Je ne suis pas sûr qu’il en ait toujours été ainsi, pour tous ceux qui jadis écrivaient des poèmes, et l’on peut avoir l’impression que Ronsard se soucie vraiment de Henri II, ou Baudelaire de Paris. Mais je dirais quand même : les énoncés sur Henri II et sur Paris (que l’on peut autonomiser du poème, qui sont de la pensée et pourraient se dire en prose) sont des outputs de la machine poétique. Ce n’est pas la poésie elle-même. D’ailleurs, si l’on y regarde bien, ces outsputs ne se synthétisent pas tout seuls en une histoire. C’est plutôt le recours à un certain nombre de figures d’articulation qui le permet : ainsi l’allégorie, grâce à laquelle Baudelaire noue des éléments aussi hétérogènes qu’un cygne, Andromaque, les travaux de rénovation urbaine, etc. La poésie moderne laisse peut-être plus volontiers flotter la diversité des outputs thématiques, invitant les lecteurs à fabriquer eux-mêmes, s’ils le souhaitent, une synthèse au faux-plafond, ce qui provoque plus couramment les situations d’équivoques à l’origine de la sollicitude de L.
Il faut quoi qu’il en soit éviter deux écueils : considérer la machine comme quelque chose à seulement contempler (et non à faire fonctionner — je pense à une poésie qui se donnerait comme objectif de montrer quelque chose du langage sans l’activer et le faire penser ; un doigt sans aucune lune à l’horizon), et considérer seulement les outputs (comme si c’était de la prose). Il faut faire fonctionner la machine. (La machine est une installation linguistique minoritaire, je veux dire organisant de la langue possible sans compter sur les seules connexions rhétoriques reçues). De là, mon projet « sur » la Révolution peut se lire sur deux plans : le plus simple, c’est celui des outputs (faire en sorte que mon poème dise quelque chose sur Robespierre, par exemple) ; puis, qu’il y ait des événements au niveau de la machine même : créer donc un être de langage dont le fonctionnement, y compris dans son rapport au possible (à l’inédit, mais aussi à l’équivocité) soit déjà une sorte de proposition sur la Révolution ou sur Robespierre. On retrouve au fond l’opposition classique entre deux interprétations, par exemple du marxisme : le modernisme adornien d’un côté (la révolution par la forme) et le réalisme socialiste de l’autre (la révolution comme thème didactique). Brecht n’est-il pas parvenu à articuler les deux ? À mon niveau infiniment plus humble, quand j’ai écrit la Sauvagerie, mon idée était non seulement de désigner la sauvagerie comme thème (parler des bêtes), mais aussi et d’abord de faire fonctionner la sauvagerie du poème : sa manière de se comporter lui-même comme un petit animal craintif. Que voudrait alors maintenant dire, non seulement écrire un poème sur la révolution, mais composer un poème prosodiquement, syntaxiquement et lexicalement soucieux de révolution française ?

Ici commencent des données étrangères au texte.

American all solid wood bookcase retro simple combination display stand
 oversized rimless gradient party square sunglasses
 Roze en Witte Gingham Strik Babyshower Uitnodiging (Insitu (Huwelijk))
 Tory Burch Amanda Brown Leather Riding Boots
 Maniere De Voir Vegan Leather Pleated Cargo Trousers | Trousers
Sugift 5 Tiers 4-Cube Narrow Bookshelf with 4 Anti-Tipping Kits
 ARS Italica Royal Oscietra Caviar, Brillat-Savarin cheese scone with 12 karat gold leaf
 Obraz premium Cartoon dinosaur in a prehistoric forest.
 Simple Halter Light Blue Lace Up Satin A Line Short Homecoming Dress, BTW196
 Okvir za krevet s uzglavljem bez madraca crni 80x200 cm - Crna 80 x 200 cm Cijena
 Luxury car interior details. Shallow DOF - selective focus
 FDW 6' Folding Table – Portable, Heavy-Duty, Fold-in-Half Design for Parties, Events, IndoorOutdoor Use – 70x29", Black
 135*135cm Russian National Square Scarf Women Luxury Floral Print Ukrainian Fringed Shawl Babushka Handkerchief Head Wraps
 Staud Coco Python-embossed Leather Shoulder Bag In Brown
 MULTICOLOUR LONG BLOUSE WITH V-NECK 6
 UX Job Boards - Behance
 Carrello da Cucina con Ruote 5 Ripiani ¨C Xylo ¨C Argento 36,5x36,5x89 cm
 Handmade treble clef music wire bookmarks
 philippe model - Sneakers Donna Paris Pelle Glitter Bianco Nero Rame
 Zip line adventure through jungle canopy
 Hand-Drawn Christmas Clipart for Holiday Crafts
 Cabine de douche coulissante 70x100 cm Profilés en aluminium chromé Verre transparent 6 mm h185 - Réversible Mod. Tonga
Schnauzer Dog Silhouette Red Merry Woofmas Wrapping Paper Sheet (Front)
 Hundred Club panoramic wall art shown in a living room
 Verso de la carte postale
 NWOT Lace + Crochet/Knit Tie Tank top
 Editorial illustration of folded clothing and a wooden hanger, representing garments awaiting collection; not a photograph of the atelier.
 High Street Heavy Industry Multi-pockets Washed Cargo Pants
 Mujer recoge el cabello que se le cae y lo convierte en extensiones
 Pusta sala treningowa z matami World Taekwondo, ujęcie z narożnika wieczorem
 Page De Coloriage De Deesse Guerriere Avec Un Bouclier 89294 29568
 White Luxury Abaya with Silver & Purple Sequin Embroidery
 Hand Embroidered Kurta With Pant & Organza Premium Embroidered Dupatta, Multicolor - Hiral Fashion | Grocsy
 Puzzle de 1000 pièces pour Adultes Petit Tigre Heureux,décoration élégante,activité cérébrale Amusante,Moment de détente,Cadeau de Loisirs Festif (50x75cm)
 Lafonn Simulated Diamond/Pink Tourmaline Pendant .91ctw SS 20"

Je ne peux pas répondre pour le moment à cette question, mais je peux ajouter une apostille, relative à l’intérêt du poème. Il tient à quoi ? On peut imaginer que le poème est intéressant quand le fonctionnement de sa machine déplace sans le nier tout à fait (donc déporte, rapporte et enrichit) son thème apparent. Il ne s’agit donc pas simplement d’un conflit entre une force d’énonciation (qui voudrait délivrer son output) et une force de désénonciation (qui le retient et le diffère) ; ou d’une lutte entre le contenu et la forme ; mais plutôt d’un travail d’orthogonalisation d’un méga-objet (par exemple la sauvagerie, la révolution, etc.) projeté à la fois sur un axe prosodique (dans le monde des phrases où les événements sont linguistiques) et sur un axe thématique (dans le monde des pensées, des idées, des structures), ces deux axes luttant moins l’un contre l’autre (car ils sont orthogonaux et n’entretiennent pas de rapport dans l’absolu) qu’ils ne créeraient (sans devenir parallèles, donc, selon l’idée de l’adéquation de la forme au contenu) une sorte de repère au sens mathématique, où le poème au fur et à mesure qu’il avance viendrait positionner un à un ses éléments, jusqu’à dessiner une sorte de figure globale qui serait le méga-objet même mais phénoménalisé, en relief, devenu figure mouvante — Mallarmé dit « arabesque », mais on dirait peut-être mieux, film.